Prompt → Word for word, restate the lines of the data below between those holding "Charming playful Panda" and "ZZZYW 30 Inches", inclusive; pictures do not belong in the copy.

Provided data →
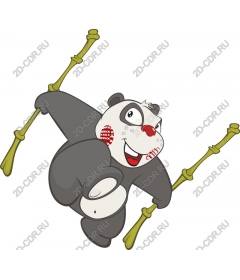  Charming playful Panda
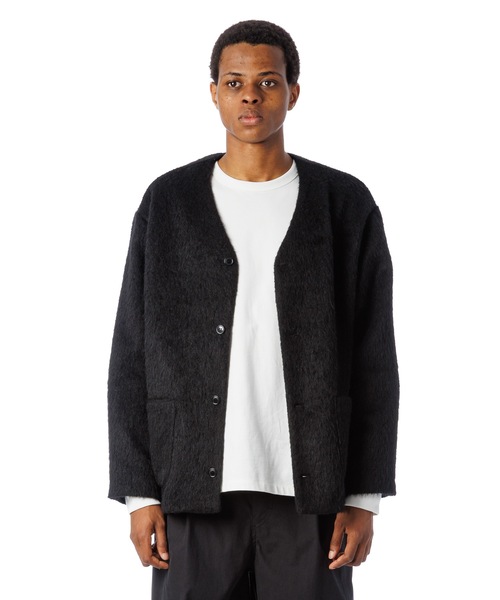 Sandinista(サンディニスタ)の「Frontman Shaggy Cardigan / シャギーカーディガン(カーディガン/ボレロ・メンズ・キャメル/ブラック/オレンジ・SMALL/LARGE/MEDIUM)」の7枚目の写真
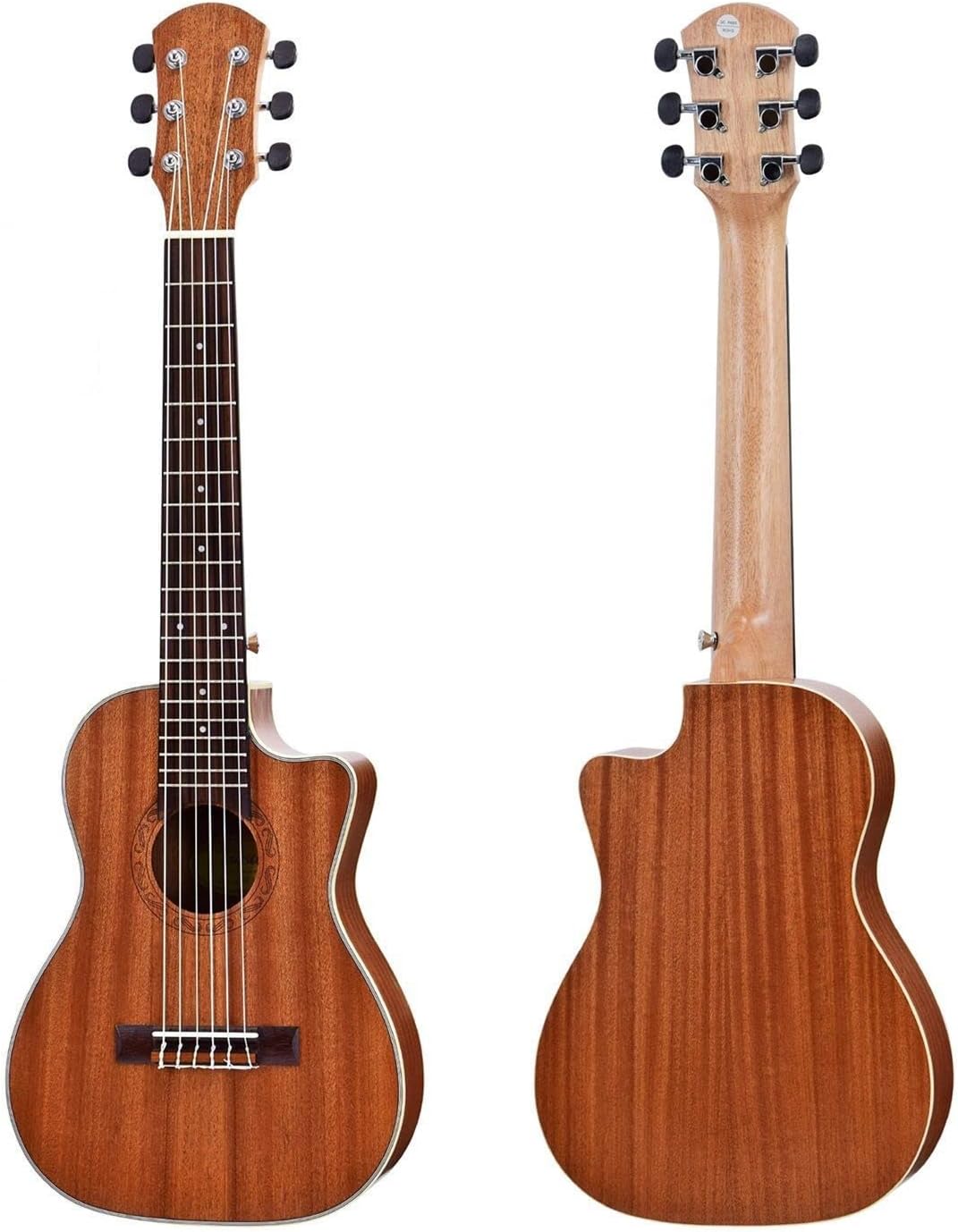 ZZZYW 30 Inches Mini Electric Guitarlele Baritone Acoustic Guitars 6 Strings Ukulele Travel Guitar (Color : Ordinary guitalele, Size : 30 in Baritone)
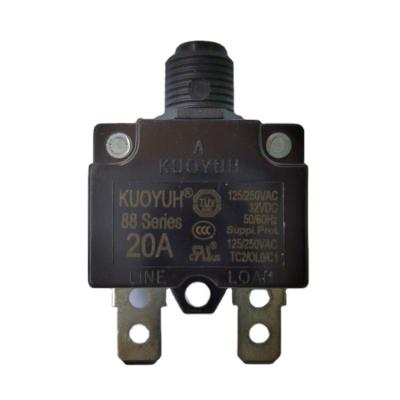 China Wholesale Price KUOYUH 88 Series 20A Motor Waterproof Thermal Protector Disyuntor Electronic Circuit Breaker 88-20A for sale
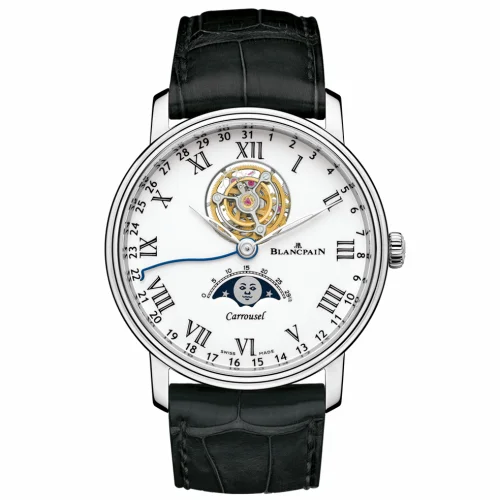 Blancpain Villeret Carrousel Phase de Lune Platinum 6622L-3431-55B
---
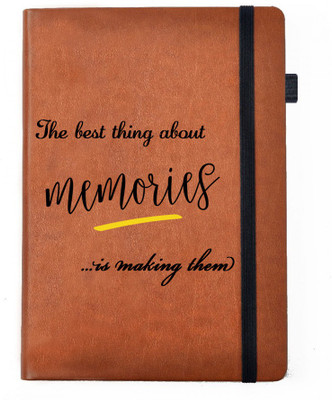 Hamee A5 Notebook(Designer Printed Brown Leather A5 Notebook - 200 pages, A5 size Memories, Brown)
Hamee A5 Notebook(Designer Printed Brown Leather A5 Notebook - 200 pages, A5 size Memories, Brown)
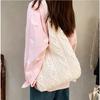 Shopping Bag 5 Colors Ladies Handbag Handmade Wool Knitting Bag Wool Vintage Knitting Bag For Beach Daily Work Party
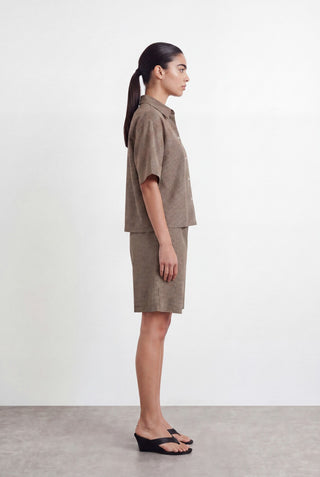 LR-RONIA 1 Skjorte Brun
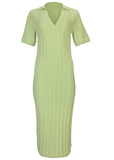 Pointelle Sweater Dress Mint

Solution to this exercise →
  Charming playful Panda
 Sandinista(サンディニスタ)の「Frontman Shaggy Cardigan / シャギーカーディガン(カーディガン/ボレロ・メンズ・キャメル/ブラック/オレンジ・SMALL/LARGE/MEDIUM)」の7枚目の写真
 ZZZYW 30 Inches Mini Electric Guitarlele Baritone Acoustic Guitars 6 Strings Ukulele Travel Guitar (Color : Ordinary guitalele, Size : 30 in Baritone)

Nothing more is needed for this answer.